##### Data below

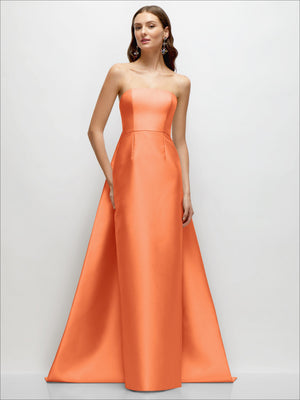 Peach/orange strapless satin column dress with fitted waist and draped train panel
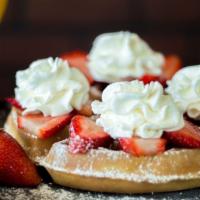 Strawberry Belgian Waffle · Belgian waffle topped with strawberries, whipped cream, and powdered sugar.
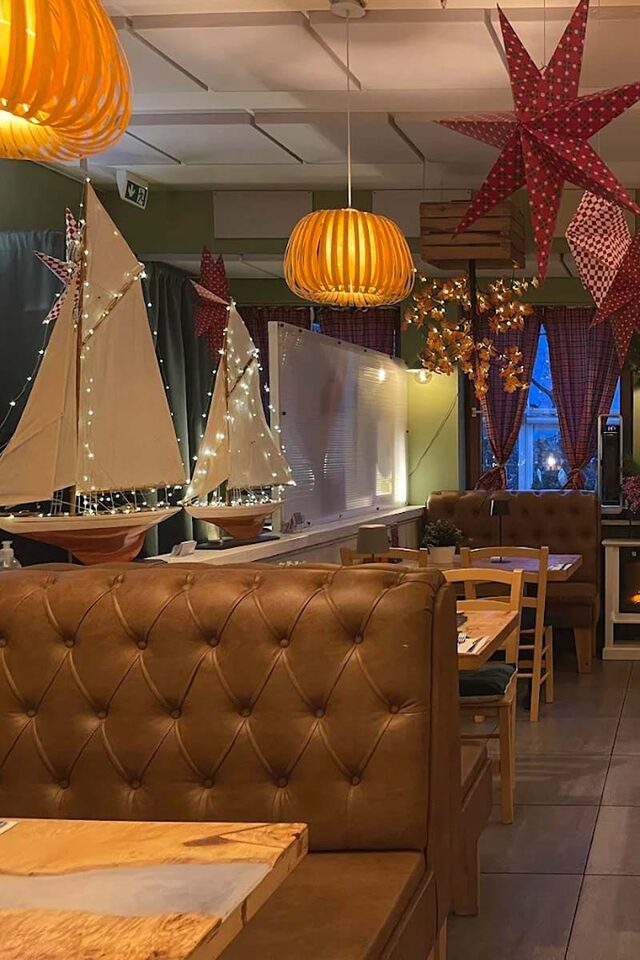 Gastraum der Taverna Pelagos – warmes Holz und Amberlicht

##########

Word for word, return the material above, but drop the pictures.

 Peach/orange strapless satin column dress with fitted waist and draped train panel
 Strawberry Belgian Waffle · Belgian waffle topped with strawberries, whipped cream, and powdered sugar.
 Gastraum der Taverna Pelagos – warmes Holz und Amberlicht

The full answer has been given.